= TASK PROMPT =
Output the first line below and each one after it, exactly, up to and including the line holding "4 badges métal". Pictures should not be copied.

[SOURCE DATA]

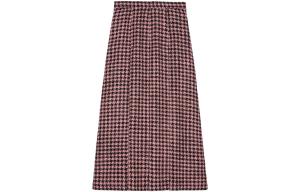 Юбка длинная Gucci в мелкую клетку, коричневый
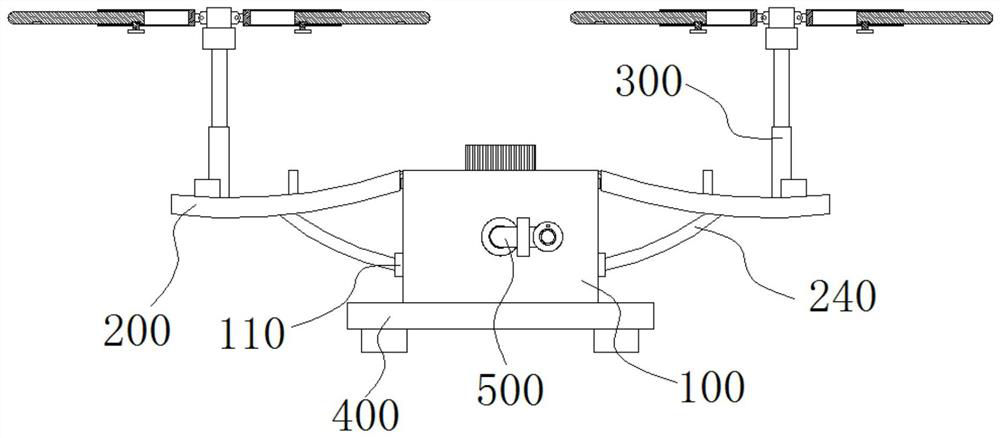 A UAV based on sensor pos and imu coupler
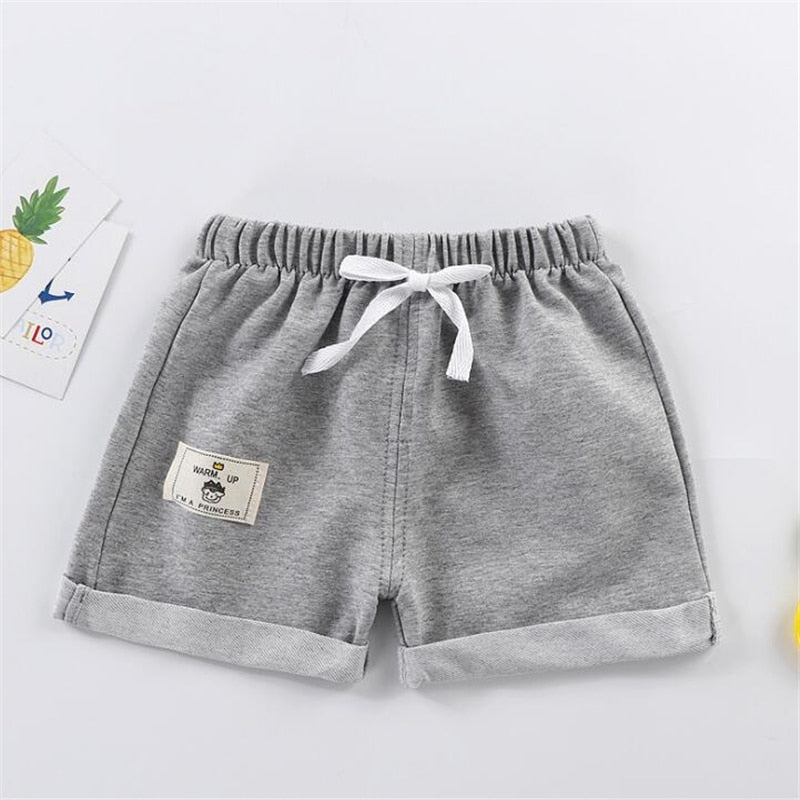 Solid Baby Boy Shorts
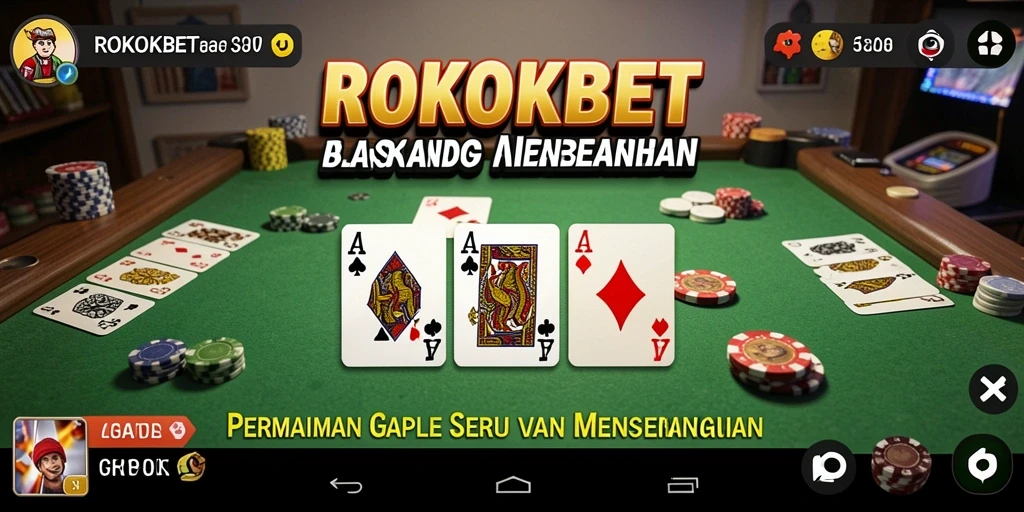 Tampilan gameplay Gaple yang seru dan interaktif di ROKOKBET.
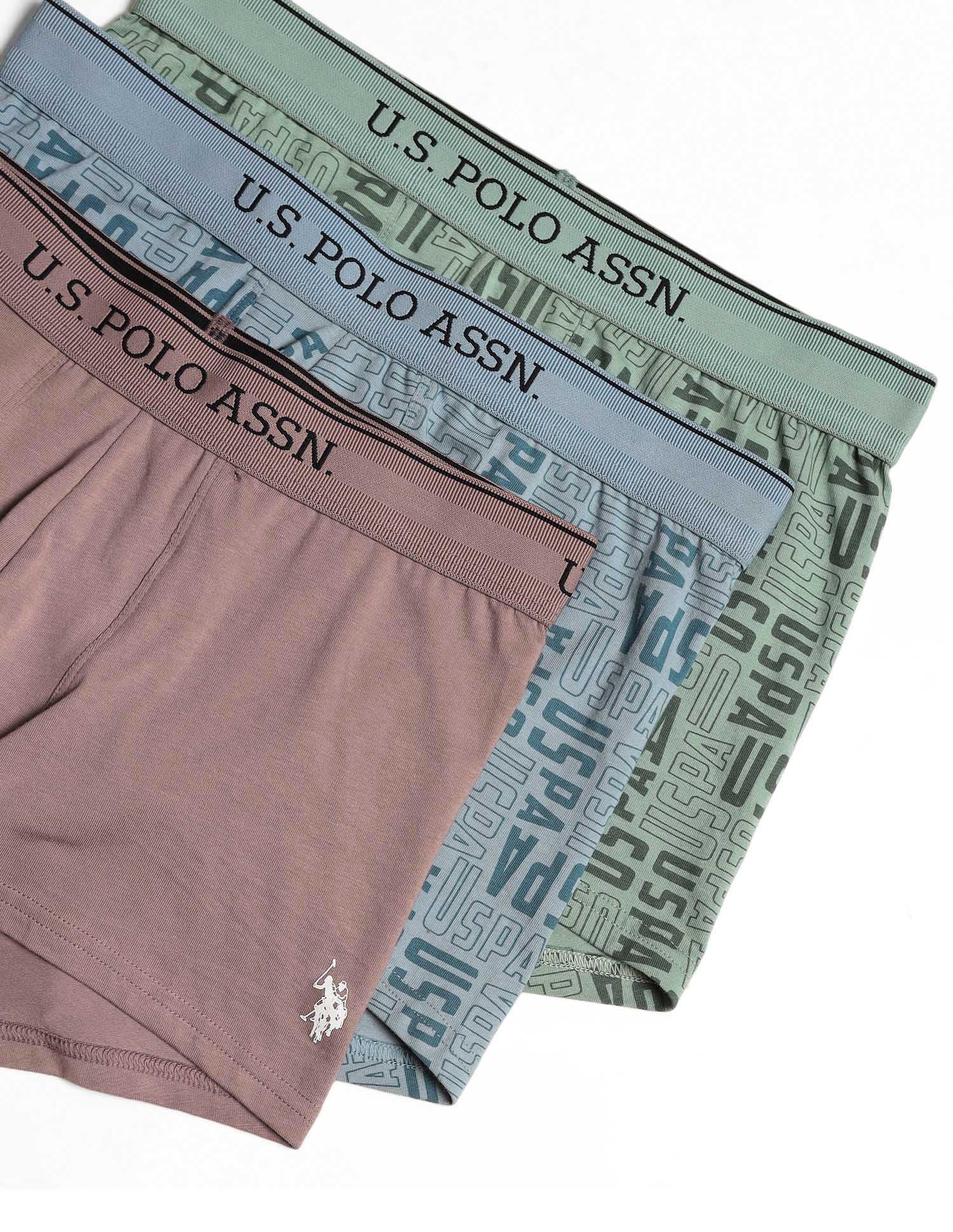 Solid Breathable OET17 Trunks - Pack Of 3 - Image 2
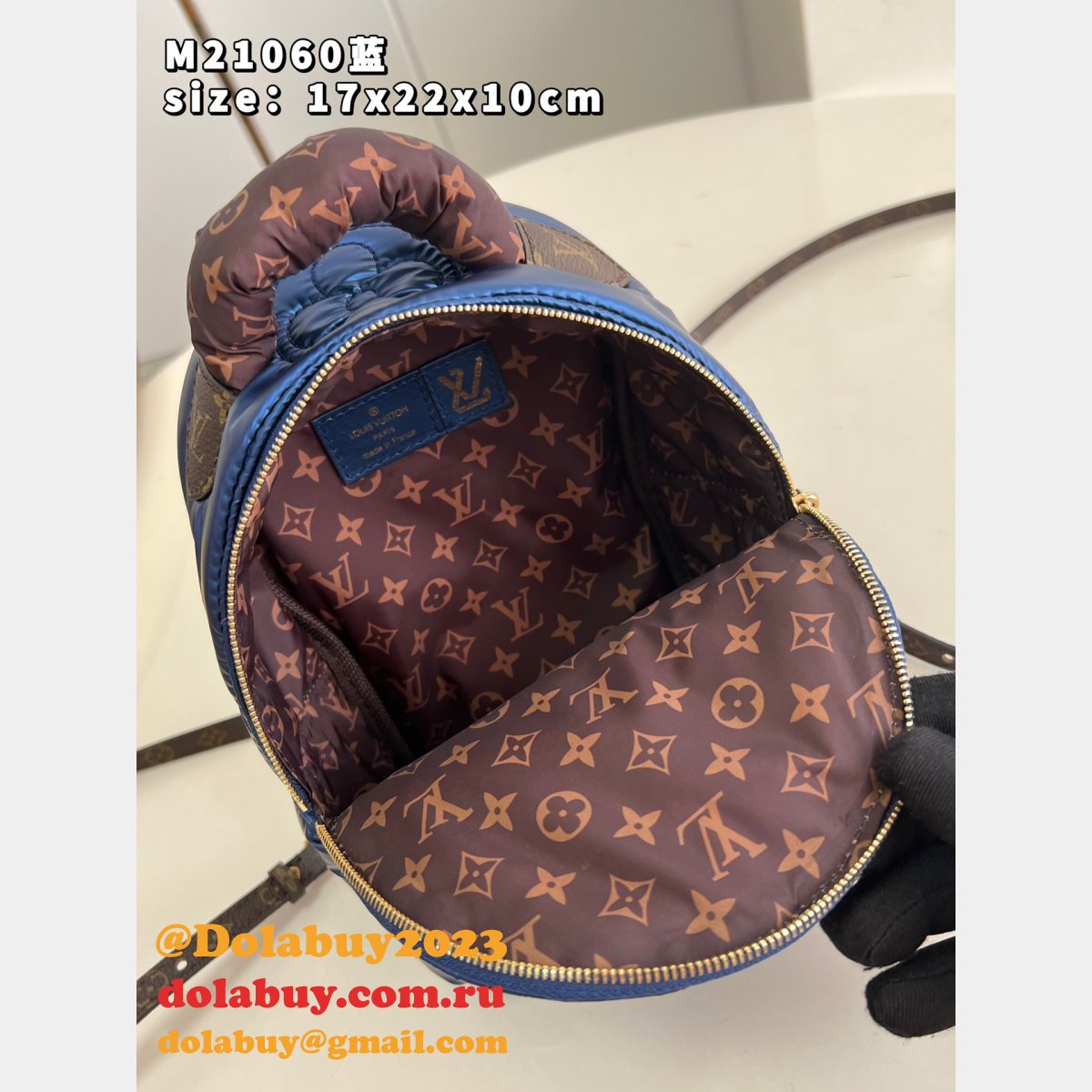 Louis Vuitton Top Quality M21060 Palm Springs Fake Handbag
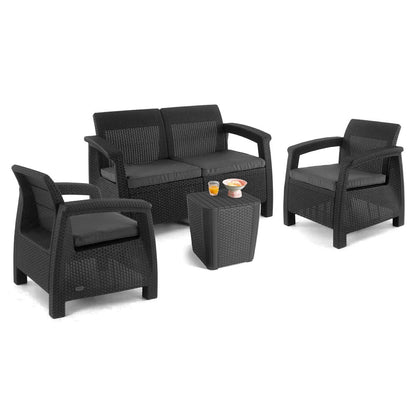 Corfu love duo kerti bútor garnitúra luzon asztallal grafit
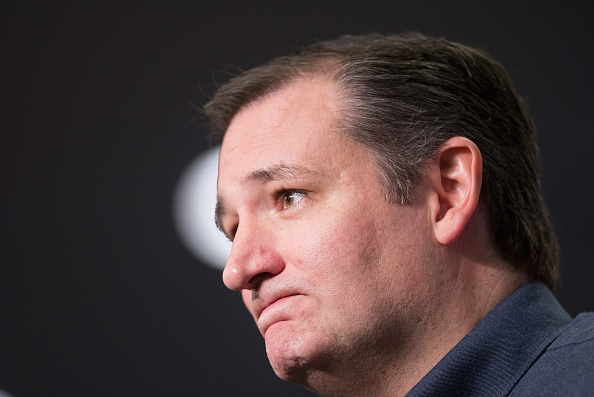 Republican presidential candidate Sen. Ted Cruz (R-TX) speaks to guests at the 2016 South Carolina Tea Party Coalition Convention on January 16, 2016 in Myrtle Beach, South Carolina.
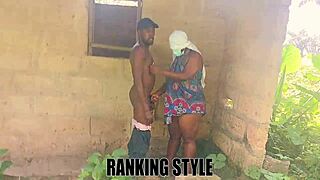 BBW addicted to wet deepthroat and anal blowjob outside with chubby interracial curvy banging!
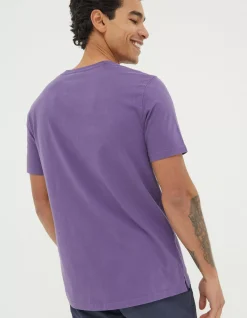 Men FatFace View All|Lulworth Organic Crew T-Shirt
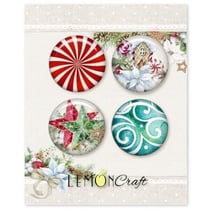 4 badges métal décoration embelissement scrapbooking Lemoncraft THIS CHRISTMAS 577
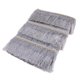 thumbnail image 1 of Borde de encaje con flecos para Mantel Ropa de cama Sofá Cojín Edredón Vestido Gris pteado Zulema Cortinas con borla, 1 of 8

[/SOURCE DATA]

= RESULT FOR THIS EXERCISE =
 Юбка длинная Gucci в мелкую клетку, коричневый
 A UAV based on sensor pos and imu coupler
 Solid Baby Boy Shorts
 Tampilan gameplay Gaple yang seru dan interaktif di ROKOKBET.
 Solid Breathable OET17 Trunks - Pack Of 3 - Image 2
 Louis Vuitton Top Quality M21060 Palm Springs Fake Handbag
 Corfu love duo kerti bútor garnitúra luzon asztallal grafit
 Republican presidential candidate Sen. Ted Cruz (R-TX) speaks to guests at the 2016 South Carolina Tea Party Coalition Convention on January 16, 2016 in Myrtle Beach, South Carolina.
 BBW addicted to wet deepthroat and anal blowjob outside with chubby interracial curvy banging!
 Men FatFace View All|Lulworth Organic Crew T-Shirt
 4 badges métal décoration embelissement scrapbooking Lemoncraft THIS CHRISTMAS 577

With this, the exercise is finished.